議会、シンクタンク、メディアでの主戦論者は、イランが合衆国にとり脅威となる核兵器をつくっていると意味すると彼らが解釈する、2011年11月発行の国際原子力機関 (IAEA) 報告を利用する。しかし実際、IAEAドキュメントは、本質的に事実に基づくものでなく政治的なものだ。それは殆ど合衆国とイスラエルによりなされた、イランの信用を傷つけるためしばしばでっち上げられた情報を使用した古い諜報評価に基づく。実際、IAEAは、イランの核施設への定期検査訪問を行い、その現場を監視するTVカメラがある。

(略)

ノーベル平和賞受賞者で元 IAEA 事務局長、正真正銘の核専門家(これは現事務局長、ユキヤ・アマノへの皮肉と読み取れる、専門家は米国の道具に遜ったりはしないとの - mizya)、モハメド・エルバラダイは、「イランを明白で現実の危険と考えない。わたしが見るすべては、イランにより持ち出された脅威についての誇大宣伝のみだ」と最近語った。そして、彼は、その判断をする唯一のひとでない:(他の例、省略)

必要なかった戦争に合衆国を導くため、偽情報や当てこすり維持を使用した「イラクWMD(大量破壊兵器)脅威」の焼き直しに、アメリカ国民が再び騙されることは驚くべきことだ。

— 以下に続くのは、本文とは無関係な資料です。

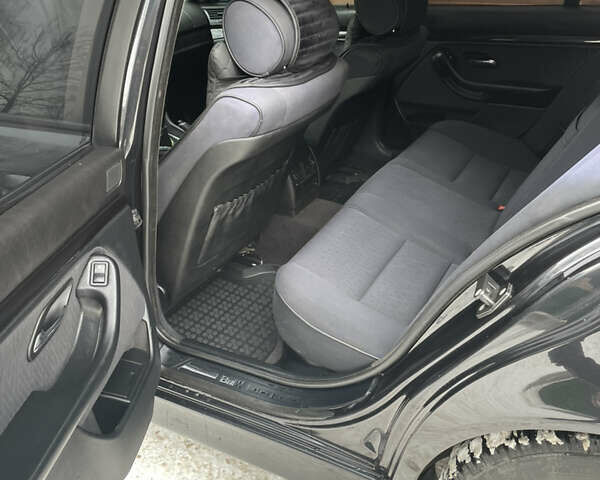 Черный БМВ 5 Серия, объемом двигателя 3 л и пробегом 477 тыс. км за 5600 $, фото 9 на Automoto.ua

(略:イスラエルにとっての脅威を合衆国の脅威とすること)そして、イスラエルは、弾道ミサイルに装着した核兵器200発、潜水艦から発射できる巡航ミサイルで武装され、無防備では全くない。

(略;何しろ長い)

ワシントンは既に、アフガニスタンのみで、1年当たり1000億ドルを費やしている。反-イランロビーは、何年も攻撃の太鼓を打ち鳴らしてきているが、イスラエル擁護者何人かが何を主張しようと、アフガニスタンの上にもうひとつアジアへの戦争を重ねることは、アメリカ・イスラエルの利益とはならない。イラン大統領、マフムード・アハマディネジャドが、「イスラエルを地図からぬぐい去る」と語ったと主張する「専門家」は、間違えて受け取った。正真正銘の言語専門家たちは、ペルシア語オリジナル・ステートメントは実際、「イスラエルはいつか崩壊するだろう」というものと指摘した:「イマームは、エルサレムを占領するこの政権が時間のページから消えなければならないと語った」が正確な翻訳だ。言及されるイマームとは、故アヤトラ・ホメイニだ。それは、脅威から遠く、恐らく希望的観測だ。実際イランは、トルコ帝国と戦った17世紀以来、近隣諸国を攻撃したことがなく、イスラエル攻撃を脅したこともなく、合衆国を脅したこともない。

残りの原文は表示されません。